(Given information begins)

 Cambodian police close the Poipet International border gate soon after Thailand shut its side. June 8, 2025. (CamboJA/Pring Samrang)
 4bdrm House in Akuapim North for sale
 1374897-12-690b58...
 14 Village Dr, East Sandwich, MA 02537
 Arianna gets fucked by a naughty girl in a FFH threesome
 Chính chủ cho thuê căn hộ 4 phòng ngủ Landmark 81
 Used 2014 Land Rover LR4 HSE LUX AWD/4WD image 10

(Given information ends)

Description of the task
The expected answer is a word-for-word copy of every line from the one that contains "Chính chủ cho" through the final line of the material.

Written solution
 Chính chủ cho thuê căn hộ 4 phòng ngủ Landmark 81
 Used 2014 Land Rover LR4 HSE LUX AWD/4WD image 10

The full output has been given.